È un dramma degno di un film dei fratelli Coen quello che si è consumato ieri in un quartiere della Roma bene, tra via Guido Reni e via maresciallo Pilsudski. Una donna fatta a pezzi, come in una scena di Fargo, e abbandonata in vari cassonetti; un assassino che non si rende conto dell’esistenza di videocamere di sorveglianza, che pure lo sorvegliano, in bella mostra, dall’alto. Ma non è stata solo la scarsa lucidità dell’omicida a consentire la sua rovina, e a permettere che un delitto destinato, forse, a restare irrisolto per chissà quanto tempo, sia stato archiviato a tempo record.

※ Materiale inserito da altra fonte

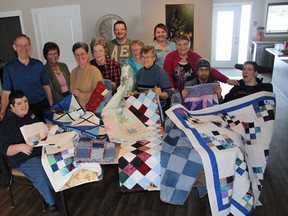 Residents, board members, employees and representatives of the Northern Lights Quilting Guild show off the donation at Greentree Group Home on Wednesday, March 20.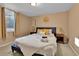 A warm bedroom features a comfortable queen-sized bed with decorative pillows and matching nightstands and lamps at 611 Winona Ct, Denver, CO 80204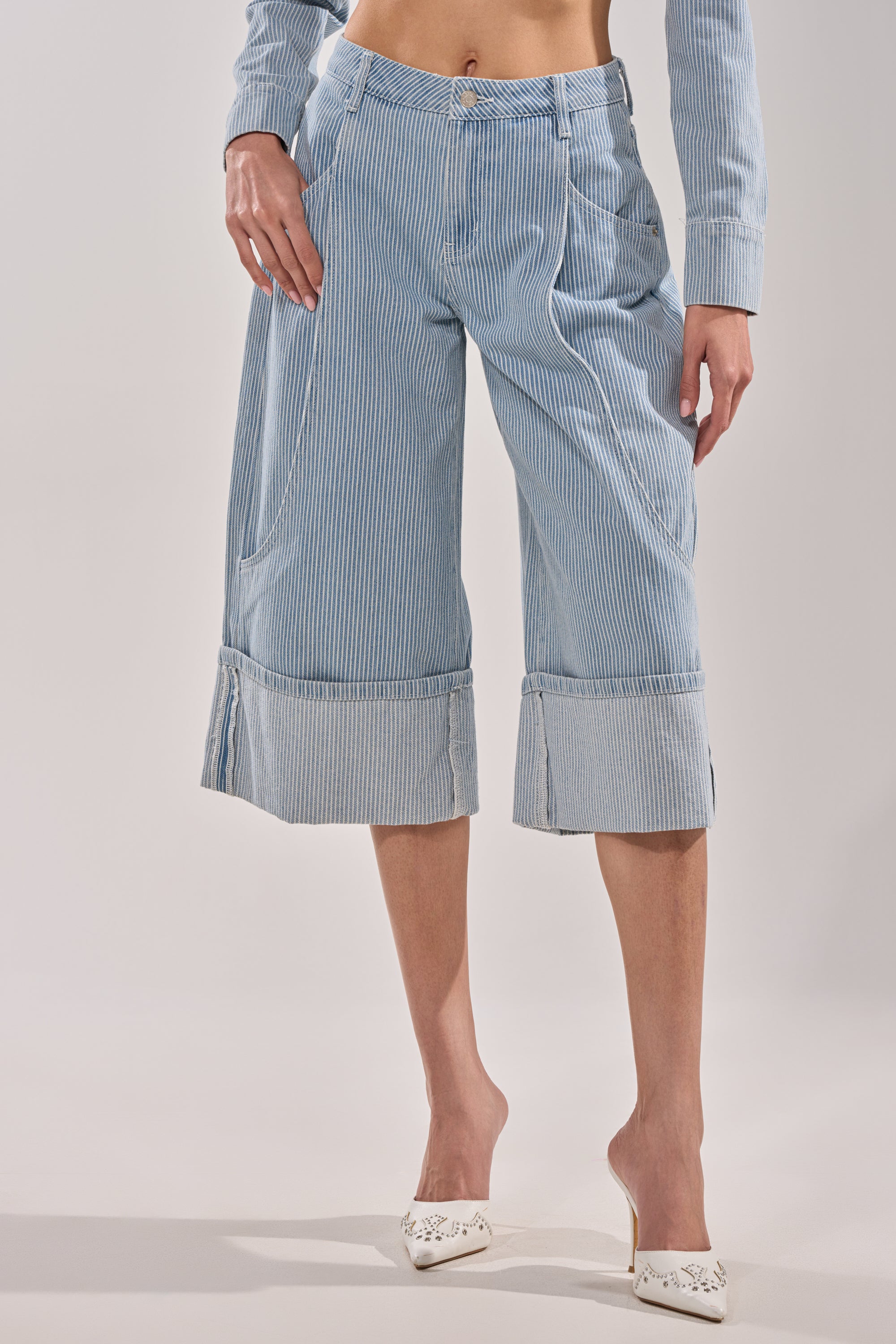 A person wears the FEEL FREE STRIPE GAUCHO—light blue, pinstriped, wide-leg cropped pants with a matching top—styled barefoot on one foot and a white pointed-toe shoe on the other for a vintage vibe. 2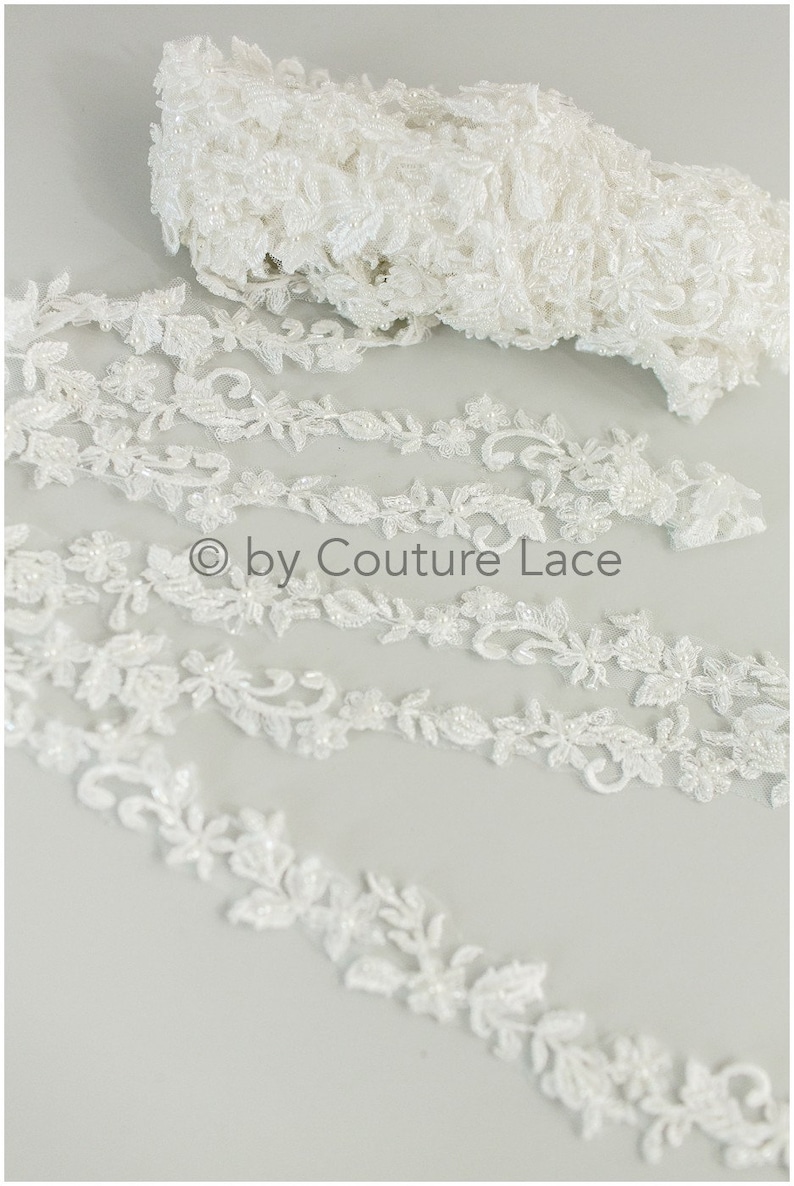 May include: White beaded lace trim with a floral design. The lace is delicate and intricate, with small beads scattered throughout. &copy; by Couture Lace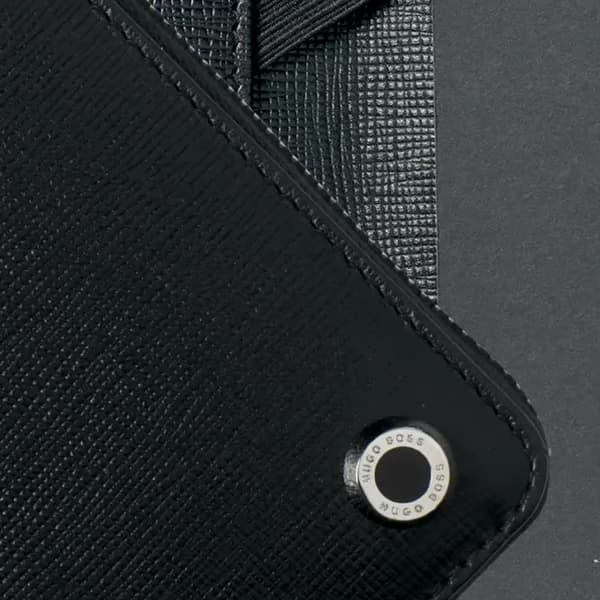 Detalhe da pasta executiva preta com acabamento texturizado e emblema metálico Hugo Boss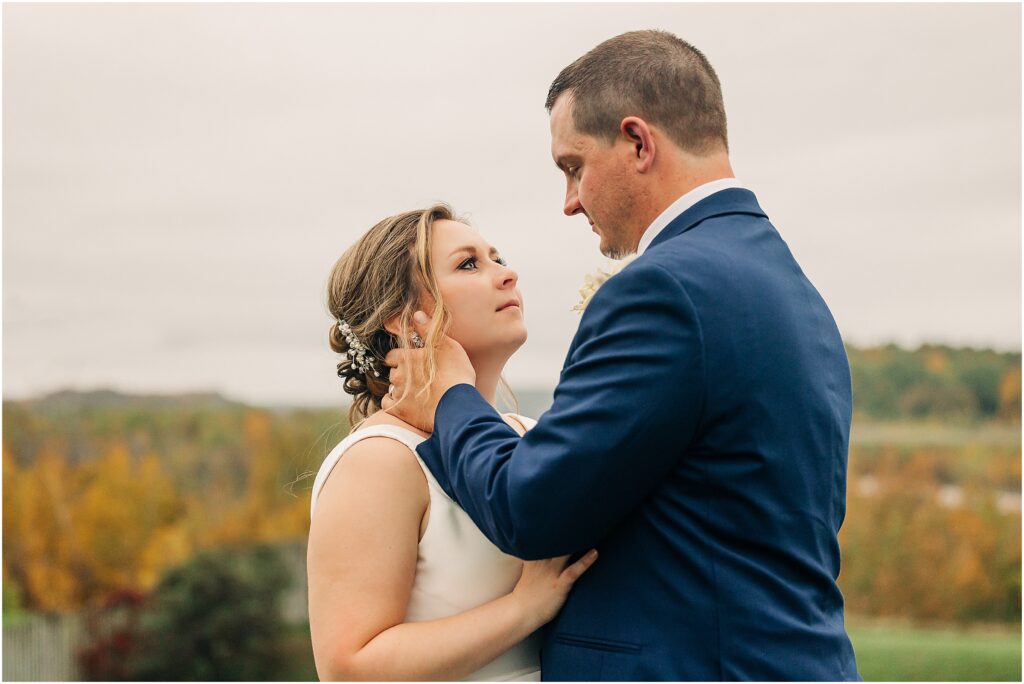 bride and groom looking at each other with fall colors in the background 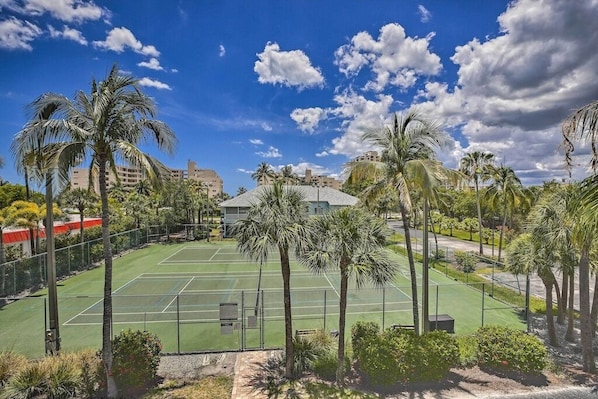 A tennis court surrounded by palm trees and buildings.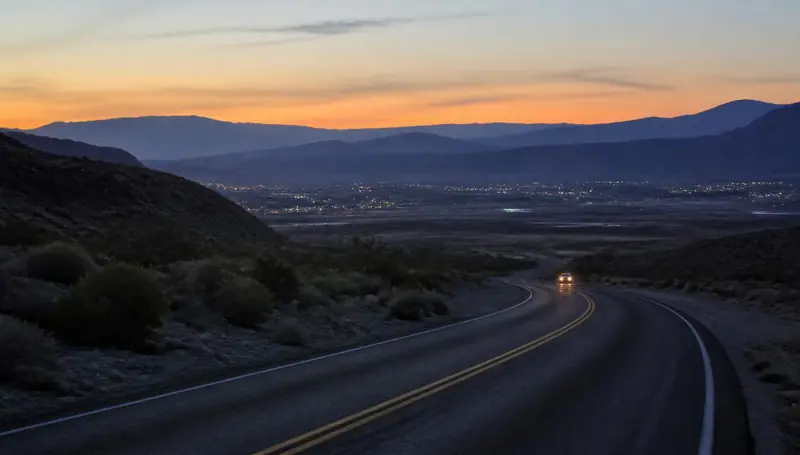 SR-18 highway at dusk crossing the black lava country outside Veyo, Utah — health insurance and ACA Marketplace enrollment for Veyo, Utah 84782 households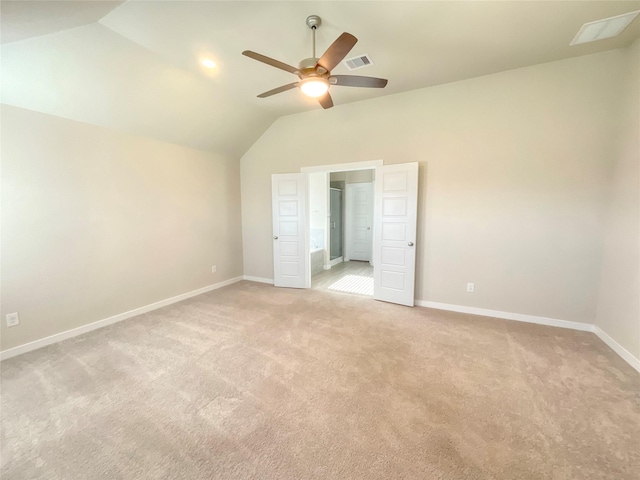 unfurnished bedroom featuring ceiling fan, light colored carpet, and vaulted ceiling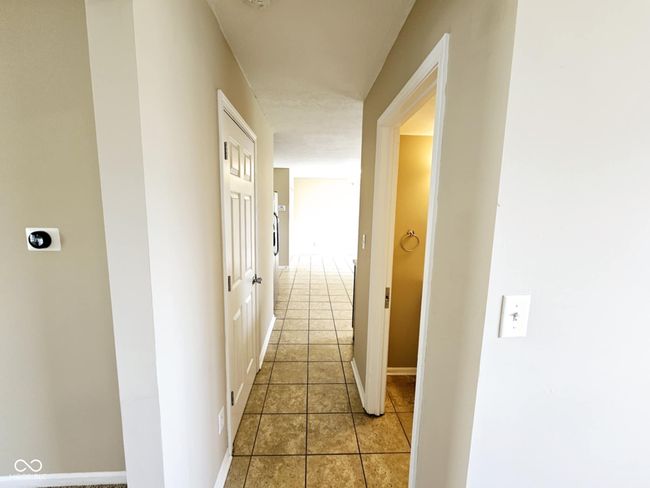 hall featuring light tile patterned flooring and baseboards | Image 16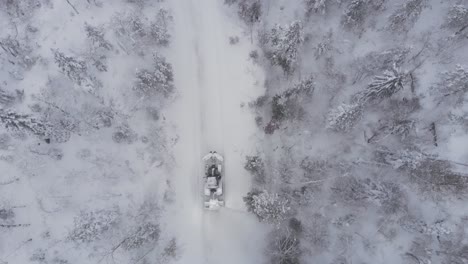Draufsicht-Auf-Einen-Traktor,-Der-Dicken-Schnee-Auf-Einer-Winterlichen-Landstraße-Entfernt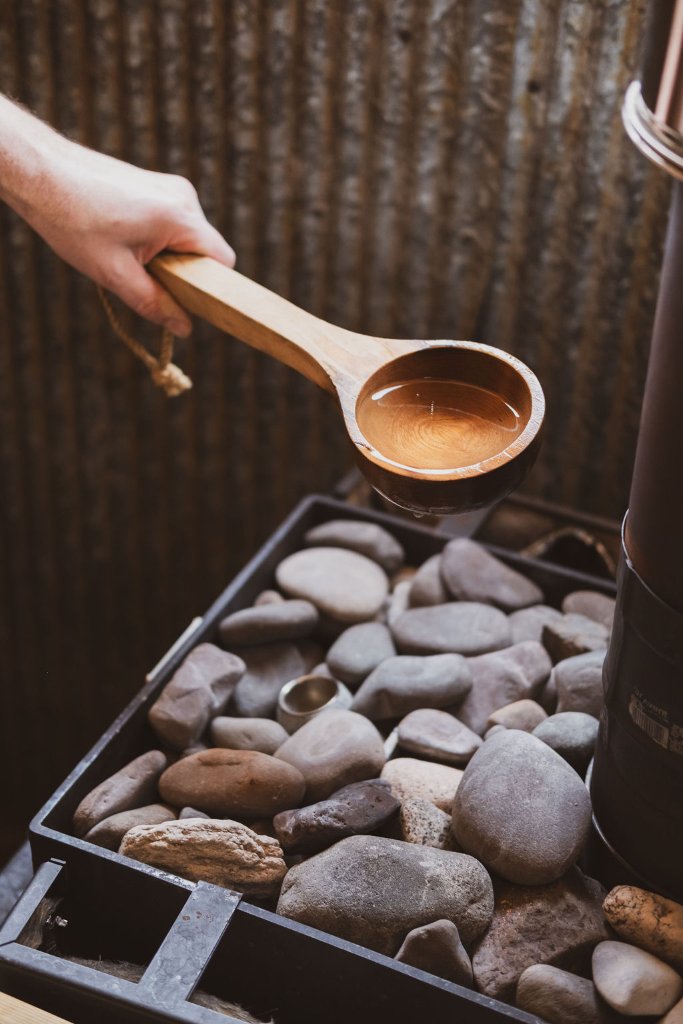 Traditional sauna ladle with water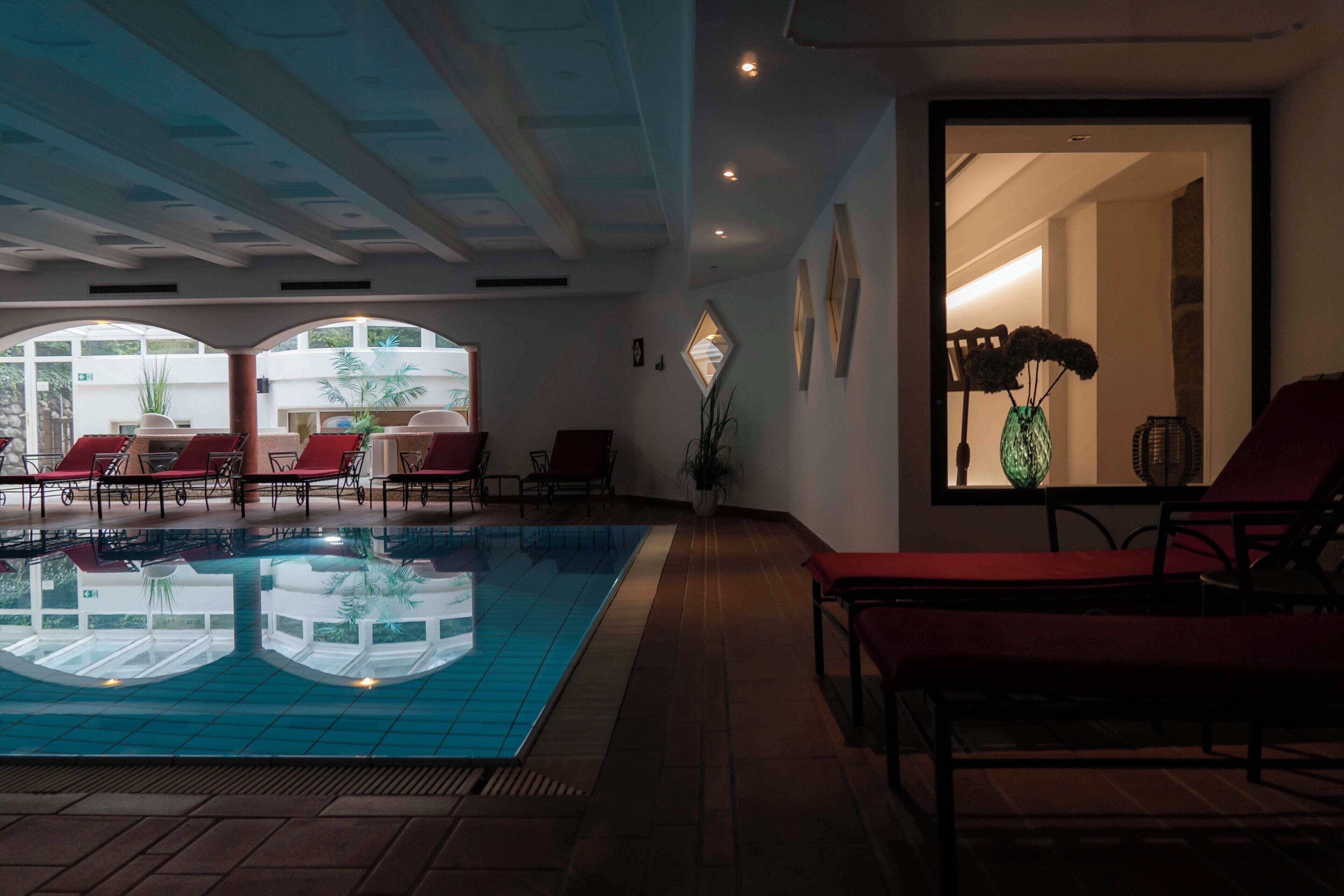 An indoor swimming pool with red lounge chairs, a potted plant, and a view of the outside through large windows.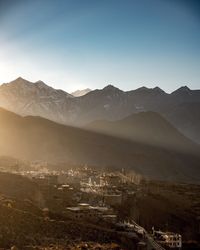 High angle shot of townscape against mountain range at sunset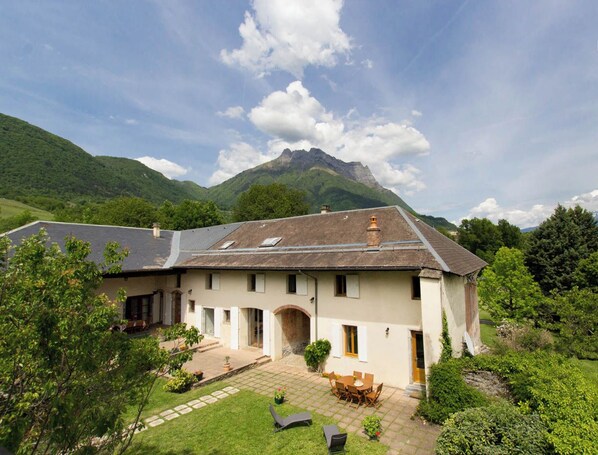 A traditional chalet with a stone patio, outdoor seating, and a mountain backdrop.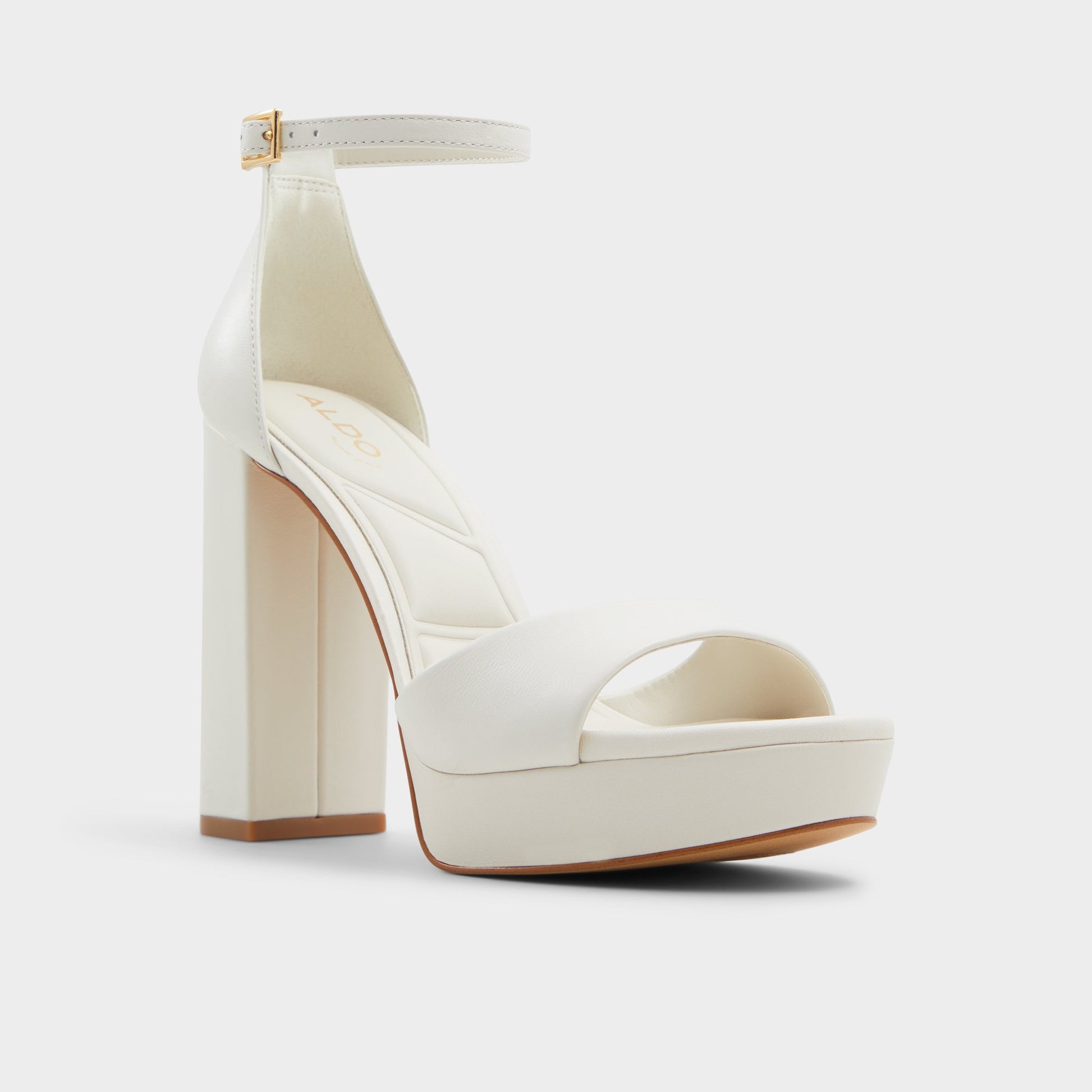 Three-quarter angle of White/Bone Enaegyn2.0 Strappy heeled sandal's front side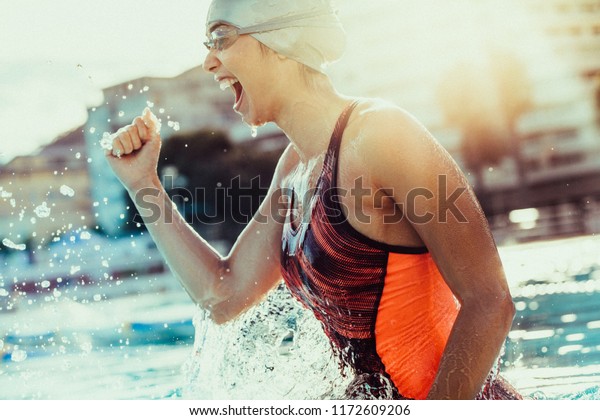 Excited female swimmer with clenched\
fist celebrating victory in the swimming pool. Woman swimmer\
cheering success in pool wearing swim goggles and\
cap.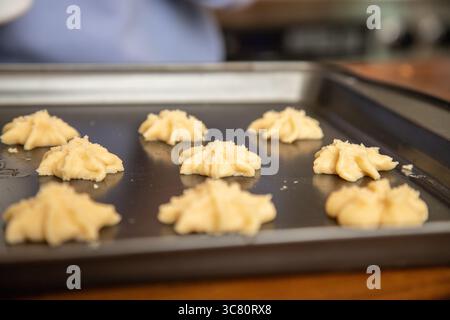 Close-up of homemade star shaped butter cookies on a baking tray ready to put in the oven Stock Photo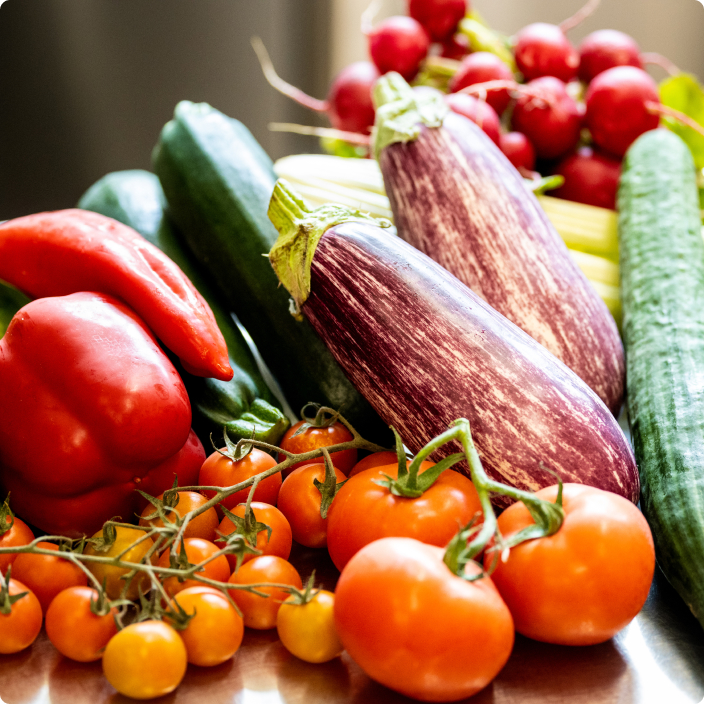 Frische Tomaten, Auberginen, Paprika und Radieschen auf Holzoberfläche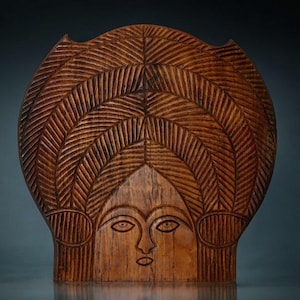 Puede incluir: Una escultura de madera de la cara de una mujer con un peinado tallado detallado. La escultura es de color marrón y tiene un diseño simple y geométrico.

La sbandata che rovistava nella spazzatura, e che ha trovato, con sommo orrore, due gambe umane, ha dato il primo allarme, evitando che sparisse nel nulla, il corpo del reato; la polizia ha fatto il resto, con le consuete tecniche di indagine. Tra le tante segnalazioni, figura proprio quella di una signora che mancava all’appello, in quella stessa zona; una donna di 59 anni, Nicoletta Diotallevi, di cui si erano perse le tracce. La signora aveva un fratello poco più grande di lei, Maurizio, che è stato inquadrato dalle videocamere, e che è stato subito raggiunto dalle forze dell’ordine in un palazzo del quartiere Flaminio, e quindi interrogato in commissariato. Non ci è voluto molto per spingerlo a confessare: è bastata l’evidenza incalzante delle immagini a farlo crollare. E qui, dopo la prima ammissione, sono emersi i litigi familiari, la relazione malata. Una sorella che, sola, forniva il sostentamento a entrambi, e che probabilmente veniva accusata di non elargire abbastanza. Ma anche questo non basterebbe a spiegare l’atrocità del gesto, che sia stato premeditato o consumato in un istante di lucida follia. Qualunque mezzo abbia usato per ucciderla, e quindi farla a pezzi, vengono meno sempre, in casi simili, le categorie razionali con cui cerchiamo di spiegare i fatti. Gli psichiatri sottolineano gli impulsi rimossi tra fratello e sorella, le rivalità che si cementano con il tempo, e che alla fine finiscono per incancrenirsi. E in questa assurda vicenda di Ferragosto, che lascia sgomenta la città, non si può non ricordare quelle coppie di fratelli, assassino e vittima, che restano solidamente ancorate nel nostro immaginario; dai biblici Caino e Abele agli stessi fondatori dell’Urbe, Romolo e Remo, che succhiarono avidamente il latte di una lupa.